Action item:
From the listing below, reproduce word for word the part that opens with the line containing "Warzywa w obrazkach" and closes with the line containing "DoubleTree by Hilton"; reproduce nothing else.

Material supplied:
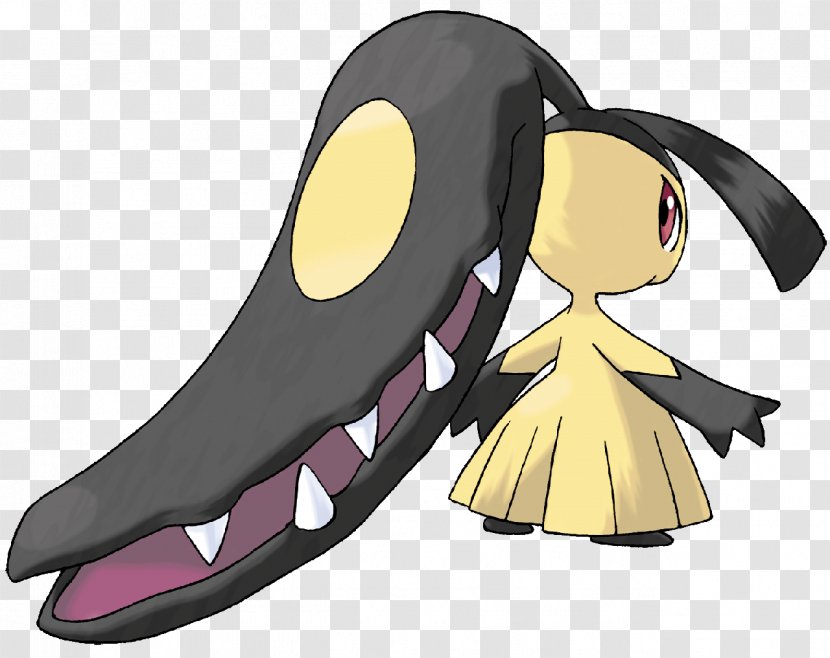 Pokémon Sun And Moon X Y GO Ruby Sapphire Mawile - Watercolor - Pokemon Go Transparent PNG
* * *
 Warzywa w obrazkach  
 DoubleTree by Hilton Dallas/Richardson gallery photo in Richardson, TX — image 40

Output of the exercise:
 Warzywa w obrazkach  
 DoubleTree by Hilton Dallas/Richardson gallery photo in Richardson, TX — image 40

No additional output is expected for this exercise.